Not all LEGO pieces have the same ability to connect. Some have the capacity to connect with as many as twelve or more bricks while others are limited. There are pieces that can connect to only one other brick. The secret of LEGO is not that every brick connects with the same number of other pieces but that each piece has the capacity to connect.

This secret applies to believers as well: every believer has the ability to connect directly to God.

Each LEGO brick comes with studs that give it the ability to connect. Every stud has the LEGO trademark engraved on it, a symbol of trust. In the past others have tried to copy LEGO bricks but have been unsuccessful. Their studs did not connect as well.

Like trusted LEGO bricks, we connect best when we are the real thing.

Two eight-stud LEGO bricks can be combined in twenty-four ways. Three eight-stud bricks can be combined in 1,060 ways. Six eight-stud bricks can be combined in 102,981,500 ways. With eight bricks the possibilities are virtually endless.

Just like LEGO bricks, using love to connect with people has endless possibilities.

By 1968, nineteen years after the first LEGO brick was made, the LEGO company built its first LEGOLAND – an entire city of LEGO structures in its hometown of Billund, Denmark. Something was missing: people.

In 1974 LEGO began making people, starting with the LEGO family. These mini figures soon became the biggest-selling product, enjoyed by both boys and girls. Several billion of these figures have been built to date. LEGO realized that people love people. What good is a world without people?

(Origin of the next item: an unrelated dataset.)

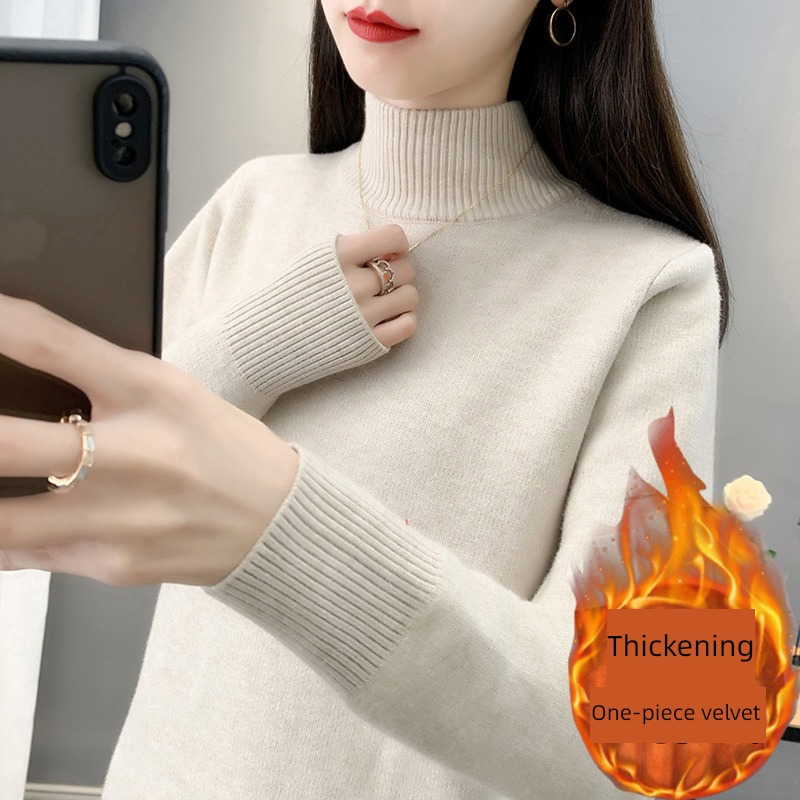 one Velvet Half high collar Autumn and winter Inner lap Self-cultivation sweater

To the degree that we value and love people will we  engage our community and culture.

LEGO bricks are built to connect multigenerationally. That means bricks made in the 1950s connect just as well with those made in 2013. Connecting bricks made decades apart is not a problem.

In the same way, when people make disciples through relationships, generational, traditional, and denominational differenced fall by the wayside.

And like LEGO bricks, when the connections happen, the possibilities are endless.